#### Exercise brief:
A verbatim copy of the full data, with no pictures, is the expected answer.

#### Source data:
--

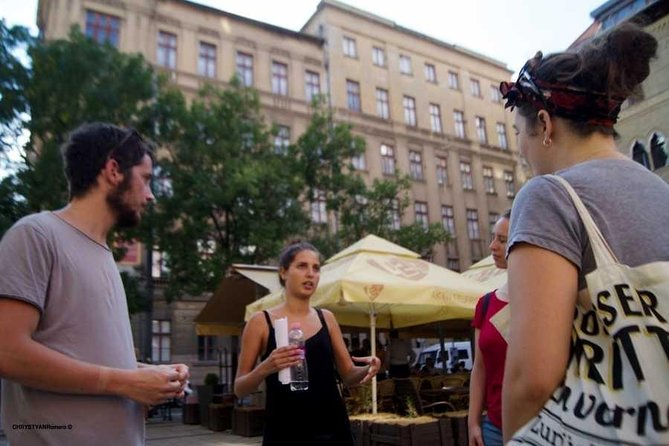 Hungarian History Walking Tour with food tasting - The city-center route and what to expect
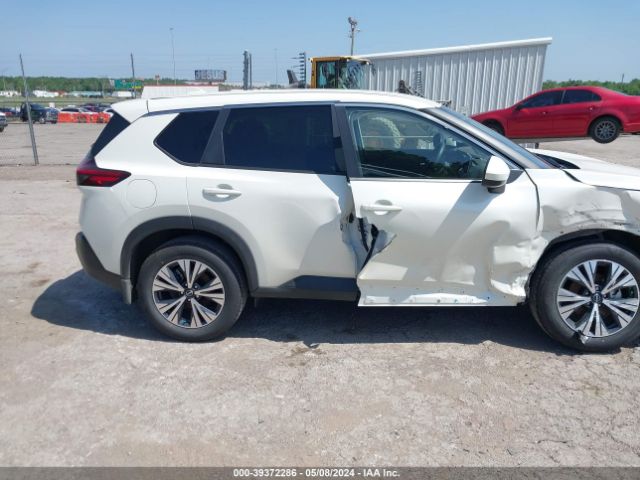 JN8BT3BA9PW414042 Nissan Rogue Sv Fwd
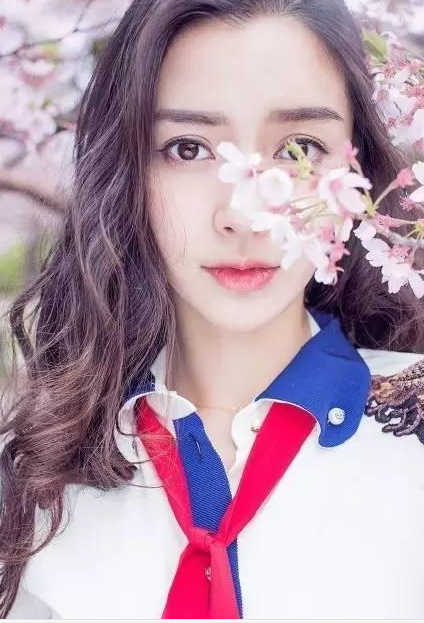 Angelababy剪了齐刘海，网友：回到了十年前颜值巅峰！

--

#### Response to this exercise:
 Hungarian History Walking Tour with food tasting - The city-center route and what to expect
 JN8BT3BA9PW414042 Nissan Rogue Sv Fwd
 Angelababy剪了齐刘海，网友：回到了十年前颜值巅峰！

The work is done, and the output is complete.